Nas. Danni al Ssn per 31 milioni. Forti irregolarità nell’attività medica intra ed extramoenia

Nas. Danni al Ssn per 31 milioni. Forti irregolarità nell’attività medica intra ed extramoenia

Nas. Danni al Ssn per 31 milioni. Forti irregolarità nell’attività medica intra ed extramoenia
Ecco tutte le irregolarità registrate dai Nas nel 2011. Denunciate 300 persone per vari reati. Frequente l'abusivismo nella professione medica. Sotto mira anche la libera professione con 356 medici denunciati per illeciti. Balduzzi: "La buona politica faccia la sua parte".

Il Ministro della Salute Renato Balduzzi ha diffuso una nota con la quale "ringrazia i Carabinieri del Nas per la preziosa opera di contrasto all’illegalità nel Servizio Sanitario Nazionale".
 
“I Carabinieri – sottolinea – hanno fatto la loro parte. La buona politica e la buona amministrazione devono fare la propria. Le regole ci sono, ma il sistema di controlli può ancora migliorare.

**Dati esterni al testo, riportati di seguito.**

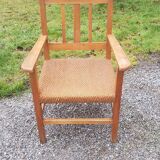 Scandinavian armchair of the 50s in cherry tree sitting in rope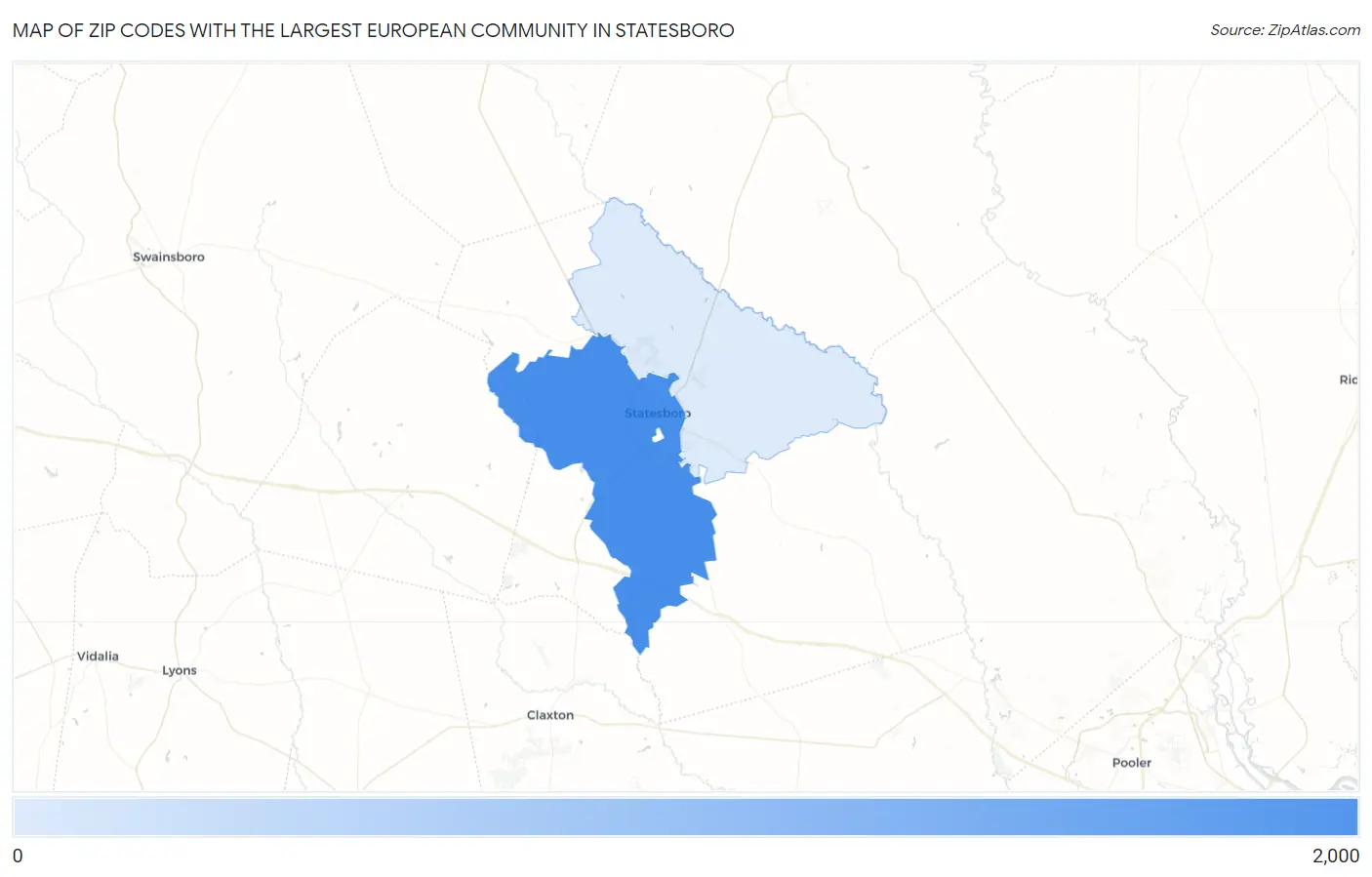 Zip Codes with the Largest European Community in Statesboro Map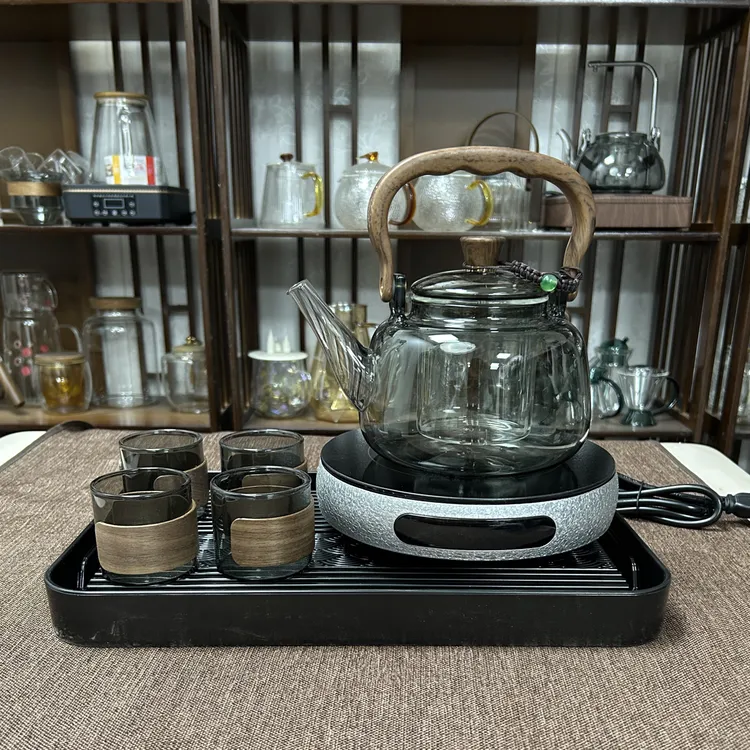 正茗堂超薄炉1500瓦大功率电陶炉玻璃壶套装茶盘套装电陶炉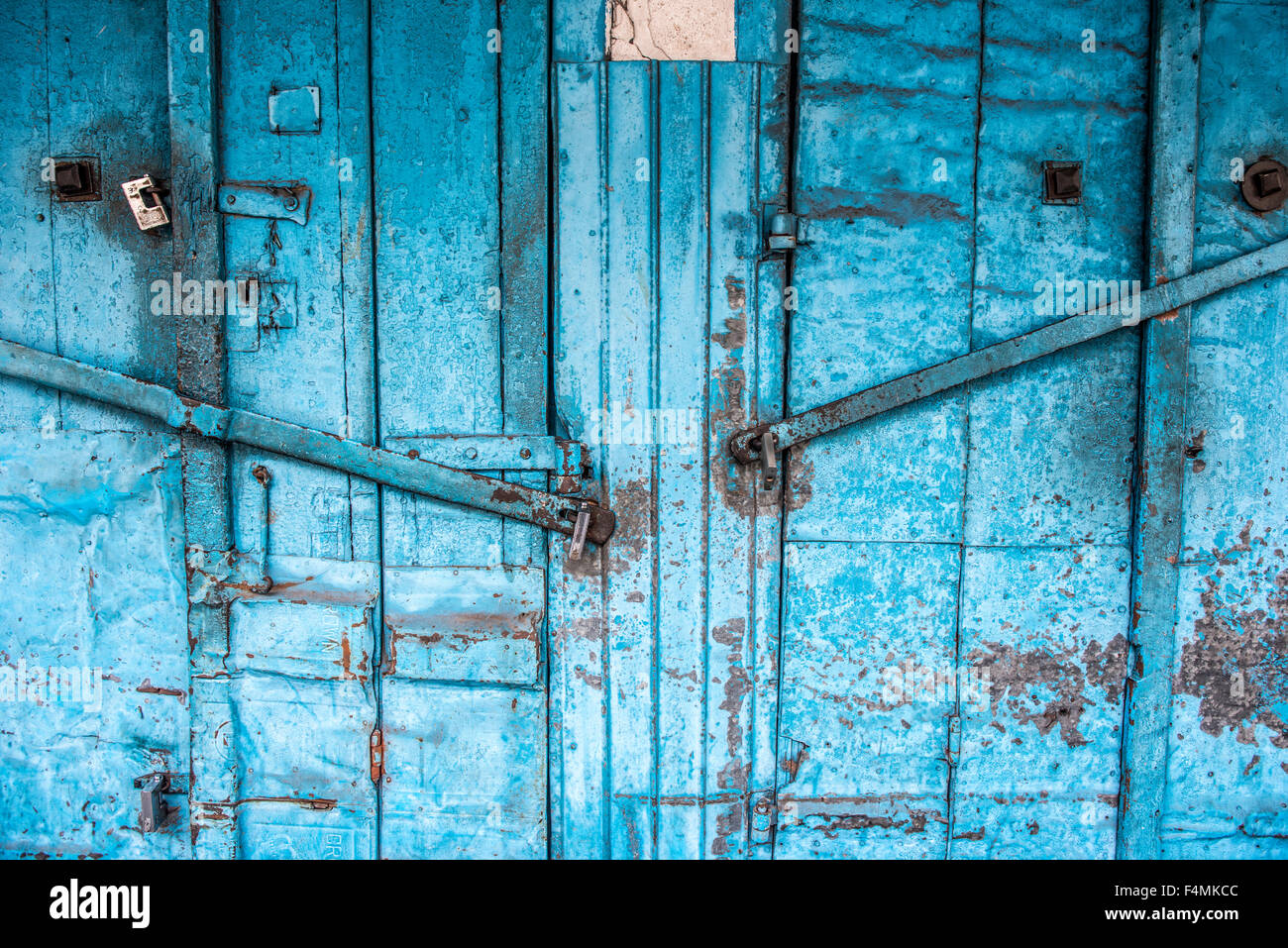 Blue doors in Mauritius Stock Photo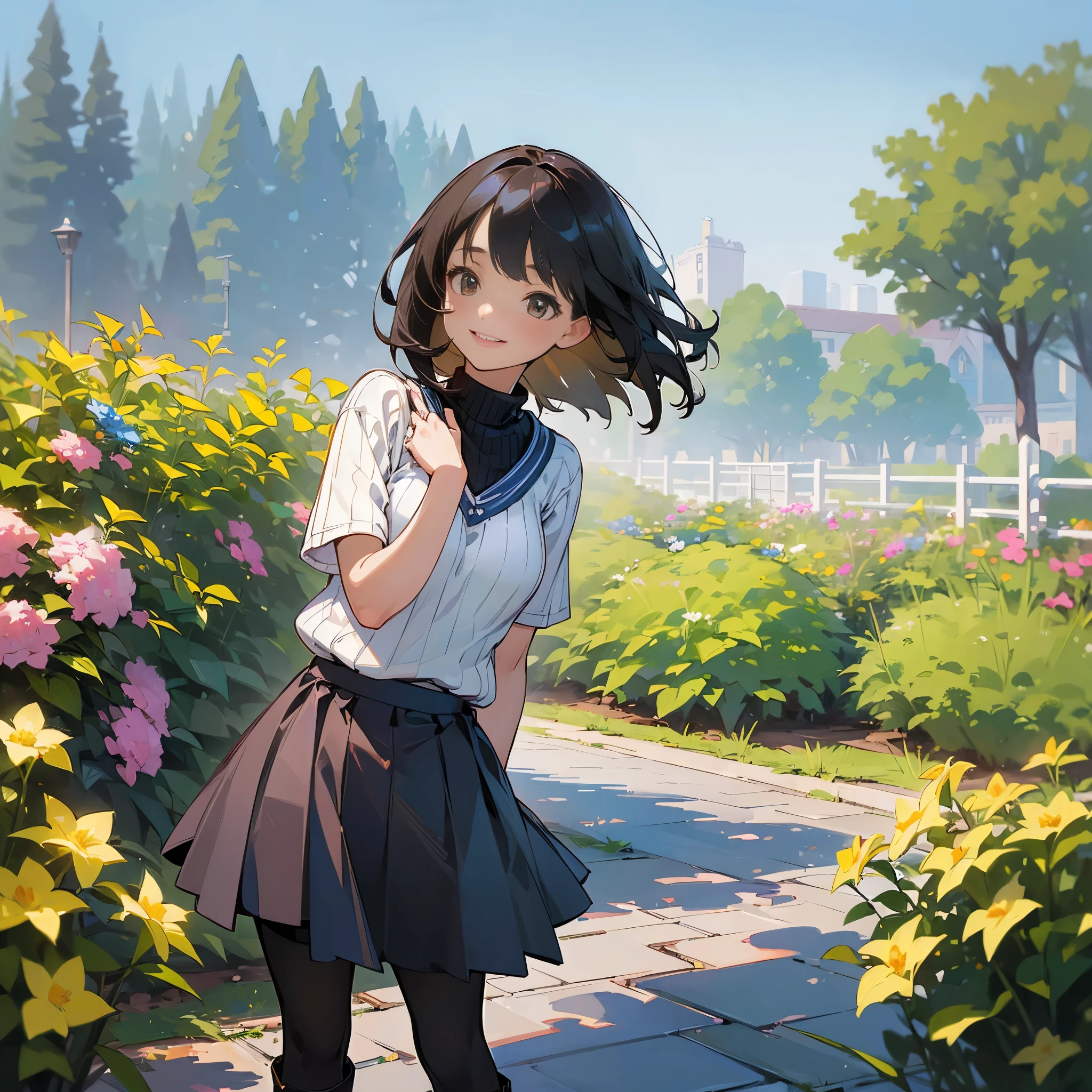 (high quality, High resolution, Very detailed, reality:1.37), Peaceful atmosphere, (Outdoor, garden), age girl standing alone, (my breasts are big.), Beautiful detail features, Cute Smile, (Black bob hair), Short sleeve ribbed sweater, Blue Skirt, black tights, Brown boots.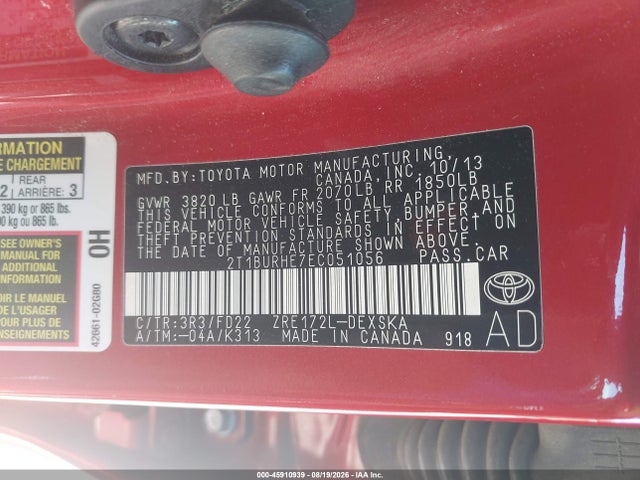 2014 Toyota Corolla S Plus მანქანა იყიდება აუქციონზე, vin: 2T1BURHE7EC051056, აუქციონის ნომერი: 45910939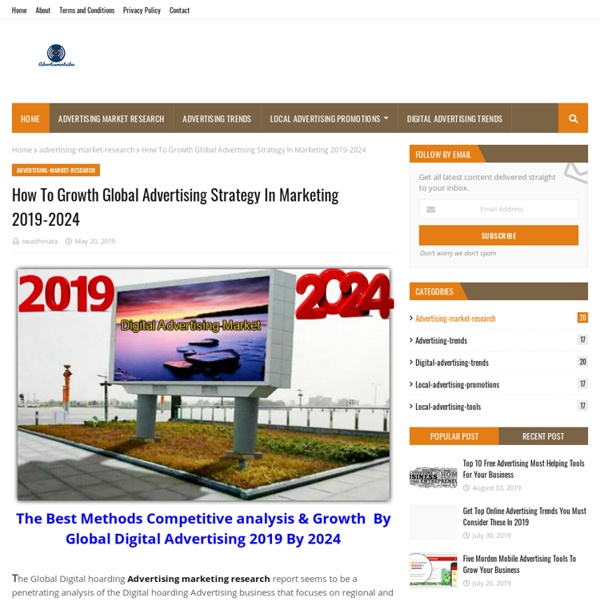 How To Growth Global Advertising Strategy In Marketing 2019-2024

Per questo occorre impegno maggiore della buona politica e della buona amministrazione, perché chi ruba al Sistema Sanitario Nazionale sottrae non  solo risorse, ma diritti a tutti i cittadini e in  particolare a chi è più debole e bisognoso di cure appropriate”.

Ecco di seguito i risultati dell’attività dei Carabinieri per la tutela della salute, al comando del Gen. Cosimo Piccinno, come riportati dal ministero:
– 31 milioni di euro sottratti al Servizio Sanitario Nazionale. E’ la cifra del danno all’erario constato dal Carabinieri del N.A.S. nel 2011.
– I Carabinieri hanno avviato una serie di controlli per contrastare l’indebita lievitazione della spesa sanitaria.
– 300 persone sono state denunciate all’Autorità giudiziaria ordinaria e alla Magistratura contabile.
– Le irregolarità più frequenti sono: false diagnosi che comportano oneri maggiori; peculato e falso in referti di analisi; corruzione e truffa; prescrizioni fittizie o iperprescrizioni di farmaci ad alto costo; gare di appalto artefatte; assenteismo.
– Altre irregolarità hanno riguardato l’esercizio abusivo della professione medica, la tenuta non corretta del registro degli stupefacenti, l’utilizzo di reagenti scaduti e il riutilizzo di dispositivi monouso.
– Sono stati denunciati all’Autorità giudiziaria, in stato di libertà, 356 medici: 337 per illeciti commessi in regime di intramoenia e 19 per attività extramoenia. In particolare per aver preso denaro da visite effettuate per conto dell’azienda ospedaliera; per aver indotto pazienti a sottoporsi a cure a pagamento in studi privati.

Sulla base delle indagini dei Carabinieri – informa infine il ministero della Salute – diverse Procure ordinarie e contabili hanno predisposto il sequestro di beni per 10 milioni di euro: abitazioni, auto, quote societarie, conti correnti e attrezzature mediche.